Though well known for many contributions in the field, it was Tode's association with the Propeller Club which brought him national recognition. This organization had been formed by a group of mariners in 1923 as a luncheon club whose members met informally to discuss maritime affairs. After Tode was elected president in 1931, he built a nation-wide membership, and the organization became a forceful advocate for building a strong merchant fleet. Between World War I and II he also established Propeller Clubs in foreign ports served by American ships. Even after he stepped down as president in 1935, Tode remained involved in the group as Honorary President till his death in 1966.
A member of numerous maritime associations, Tode was the first Marine Engineer to receive an honorary membership to the Marine Society of the City of New York.
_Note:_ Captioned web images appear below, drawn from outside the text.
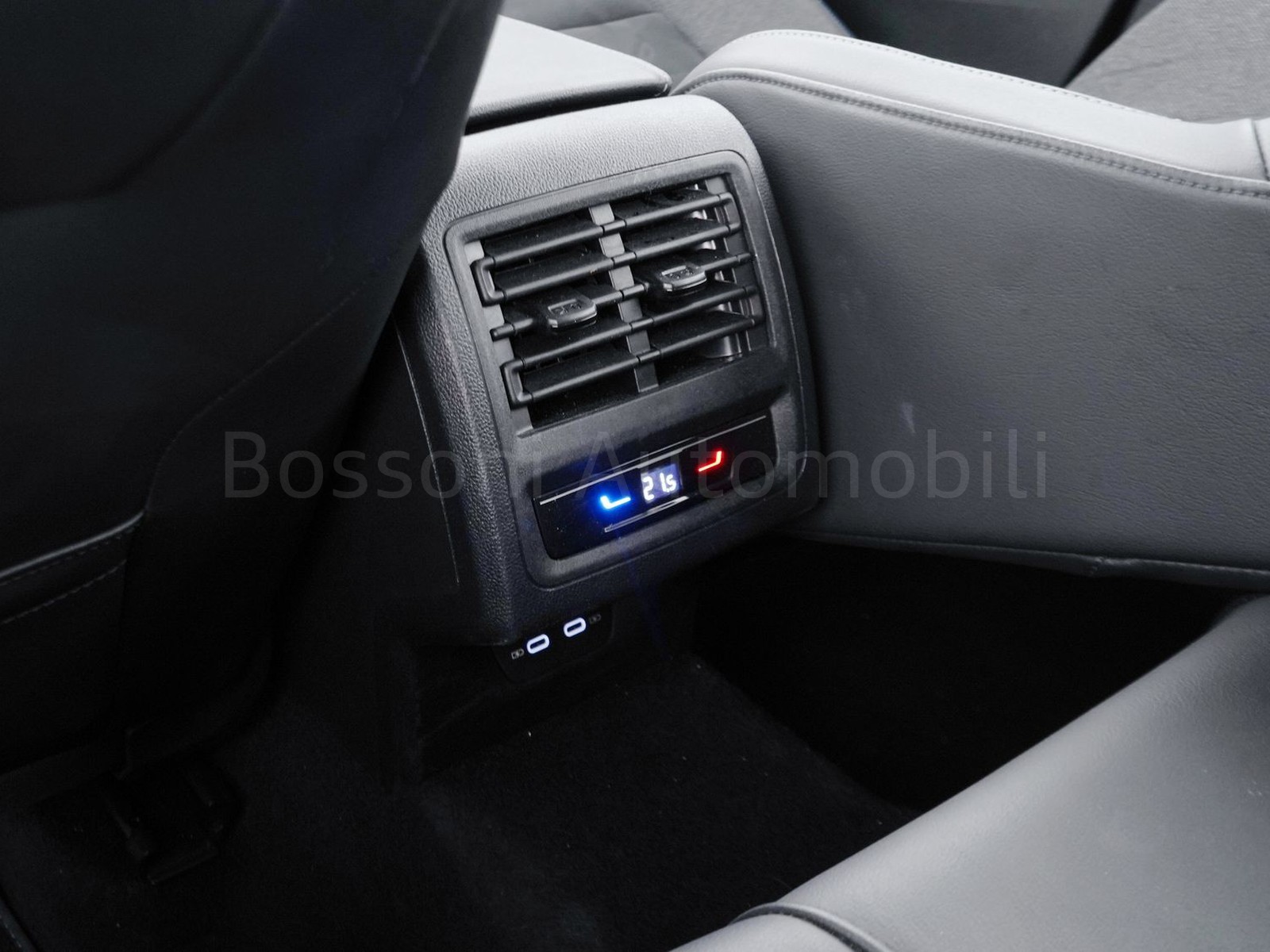 28 - Volkswagen Golf 2.0 tdi scr 150cv style dsg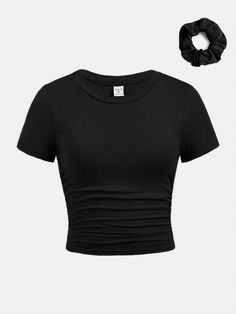 Outfit With Short Sleeve Shirt, Black Shirt Cropped, Cute Shirts For School, Plain T Shirt Outfit, Black Crop Shirt, Black And White Clothes, Teen Tops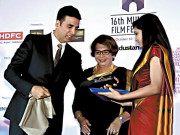 16ویں ممبئی فلم فیسٹیول کا آغاز ہالی ووڈ اداکارہ ہیلن میرن کیتھرین کے لیے لائف ٹائم اچیومنٹ ایوارڈ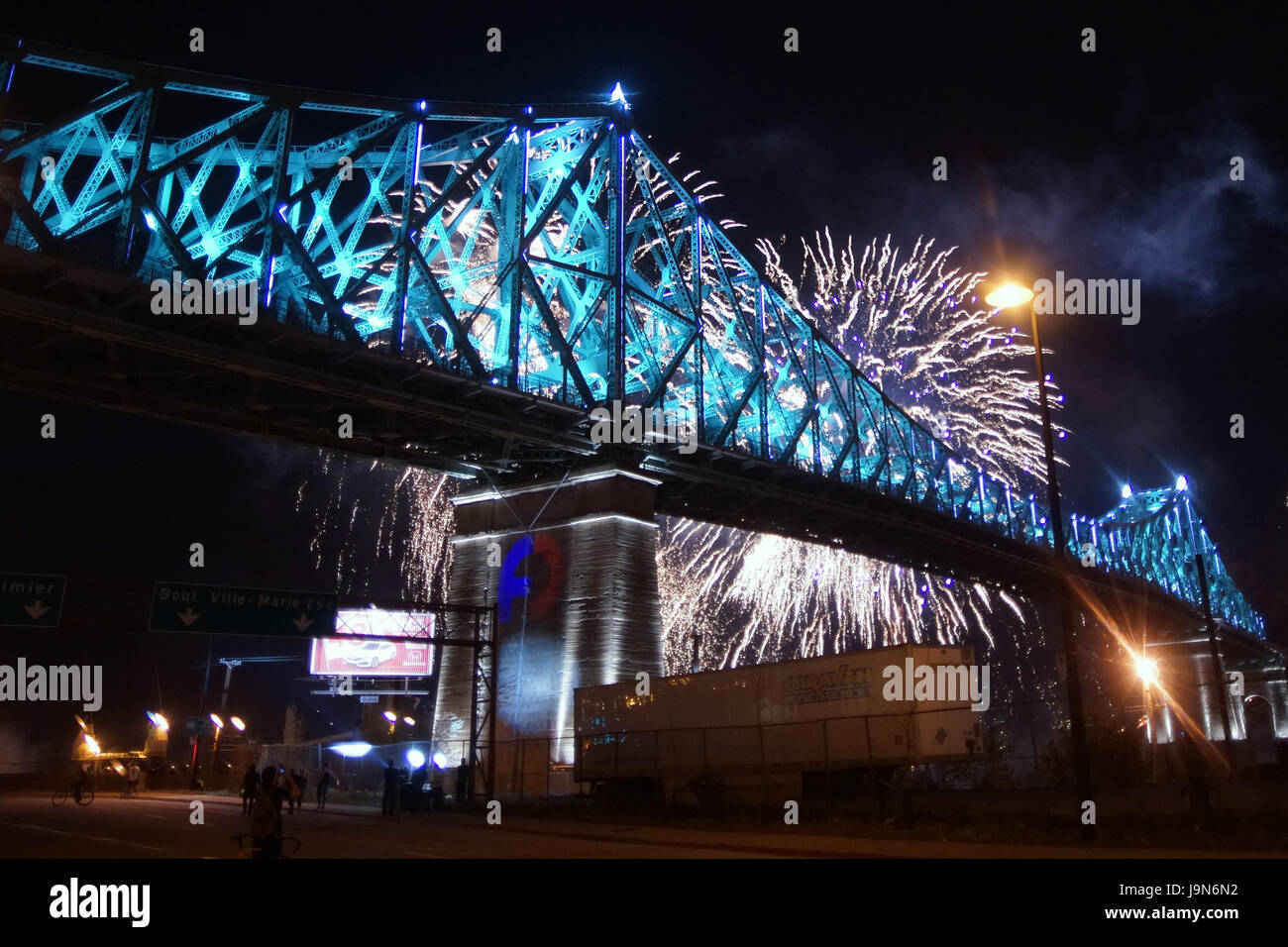 Beleuchtung von Jacques Cartier Brücke des 375 Jubiläums von Montreal, Quebec, Kanada. Stockfoto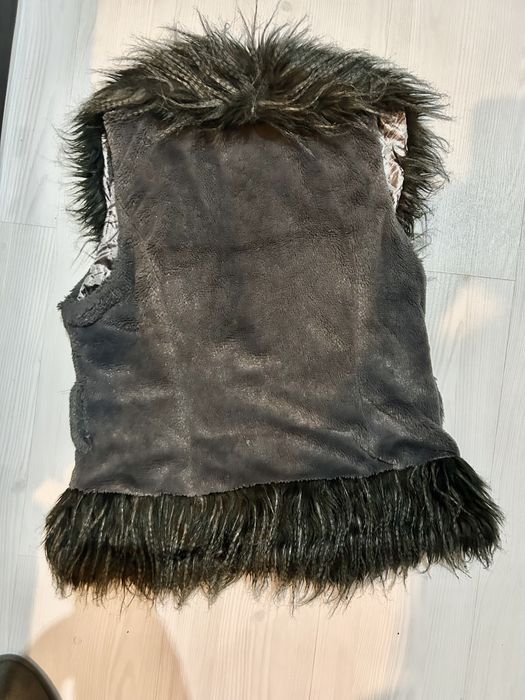 Мек сив елек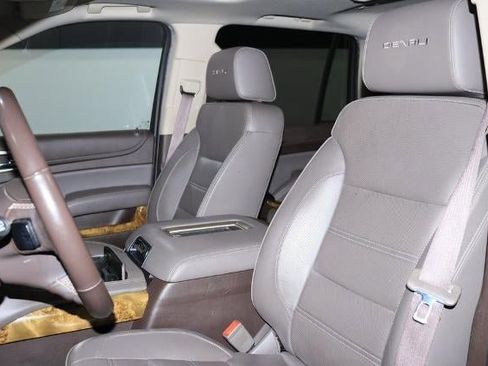 Used 2017 GMC Yukon Denali image 18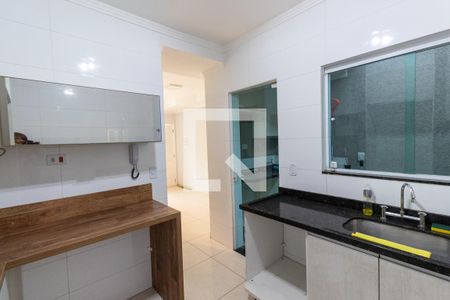 Casa de condomínio para alugar com 110m², 2 quartos e 2 vagasCozinha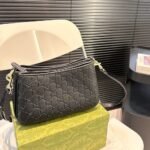 Gucci GG Emblem Small Shoulder Bag Black Leather 23cm 815263 AAEEM 1000 - Image 7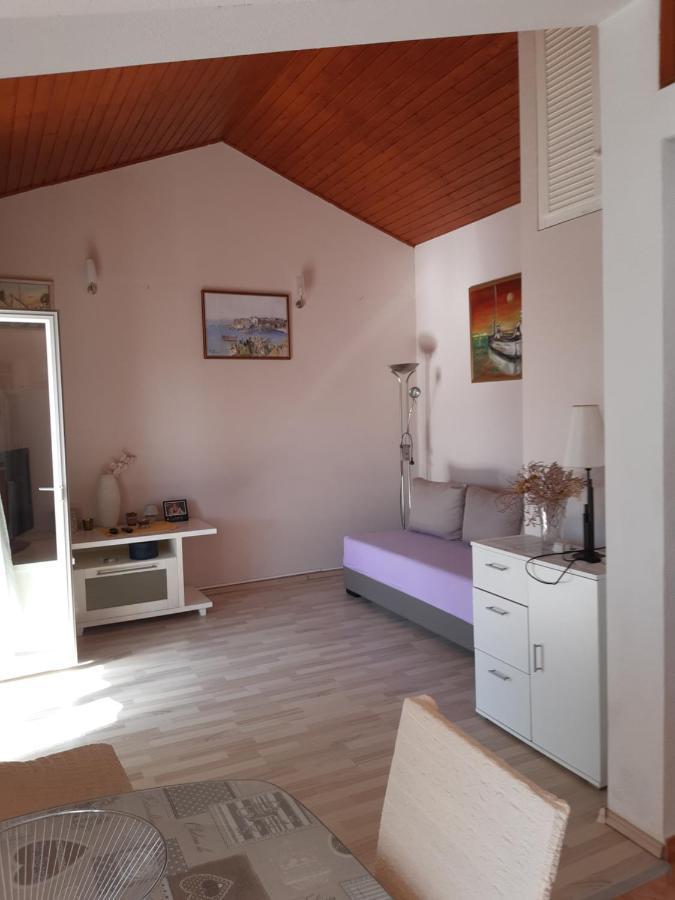 Apartment Mirjana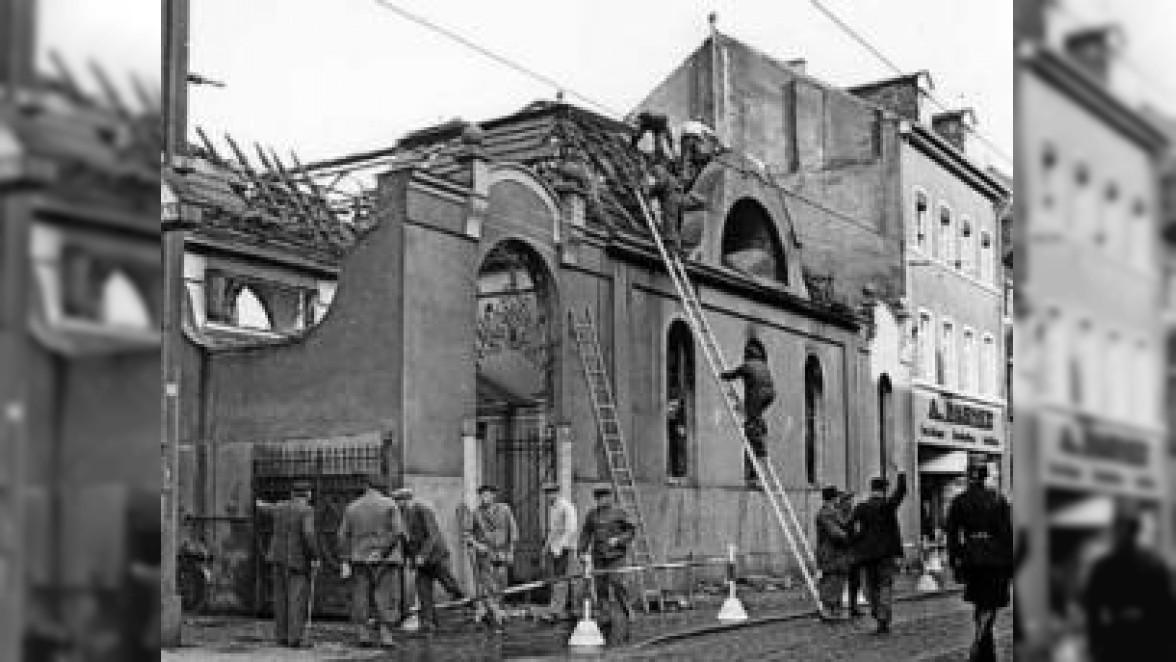 Mahnung: Gedenktafel für zerstörte Synagoge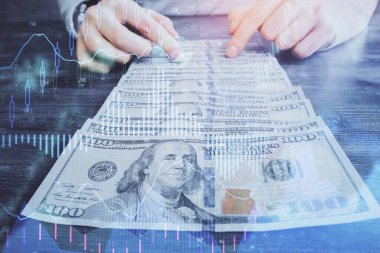 Forx grafiği, hologram, Amerikan dolarları ve insan eli çizimleri. Teknik Analiz kavramı.
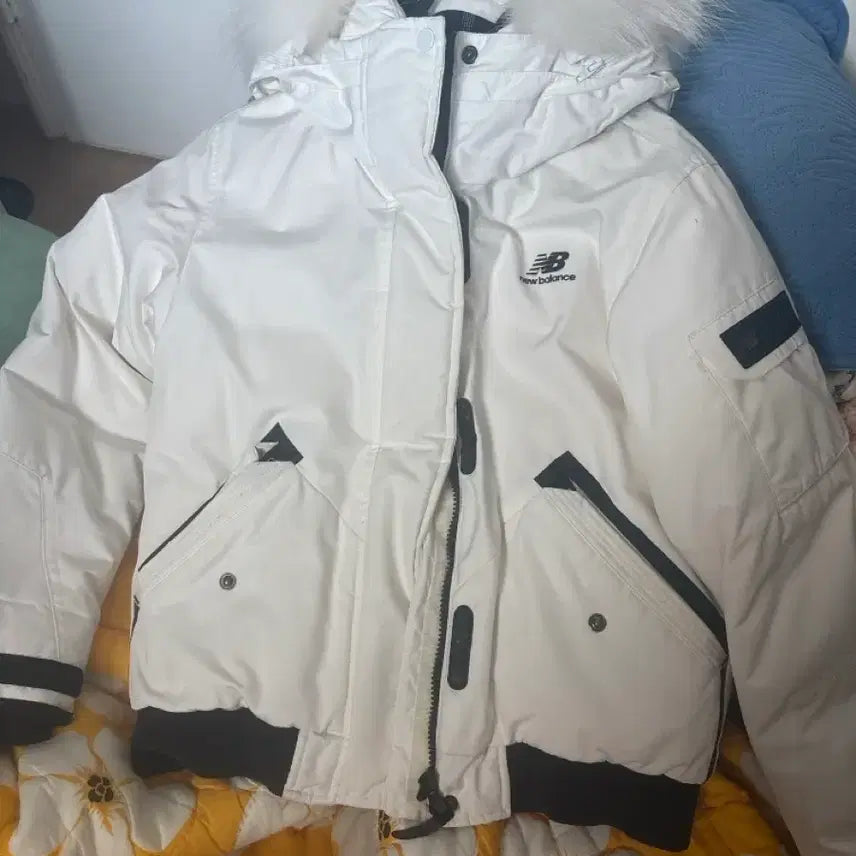 [BUNJANG] New Balance Short Padded Jacket / 뉴발란스 숏 패딩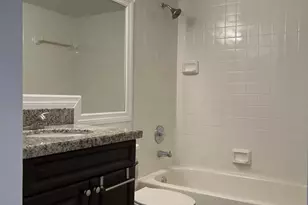 18106 Glenmoor Dr, West Palm Beach, FL 33409 - Photo 10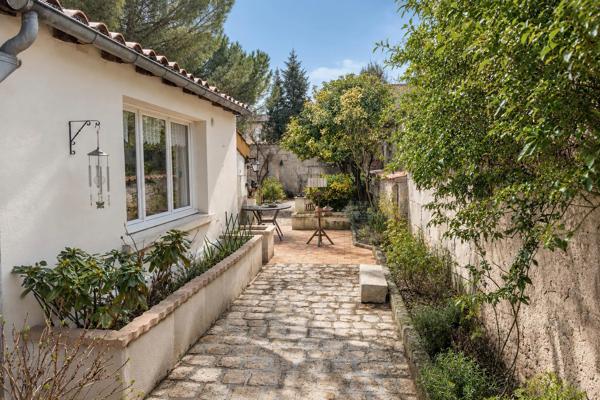 Grande maison de ville avec jardin, terrasse et double garage
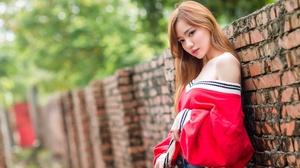 Asian Women Model Wall Looking At Viewer Leaning Women Outdoors Long Hair Sweatshirts Bare Shoulders 3840x2160 Wallpaper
In addition, he was the only American elected Honorary Member of the Seven Seas Club of London. He remained involved in Maritime College as President of the Alumni Association from 1928 to 1930 and as Chairman of the Board of Visitors from 1942 to 1954.
Tode was also Vice-President of the Circumnavigators Club, an organization whose members consisted of individuals who had circled the globe longitudinally, a feat which he accomplished with this wife, Kate Eisig Tode.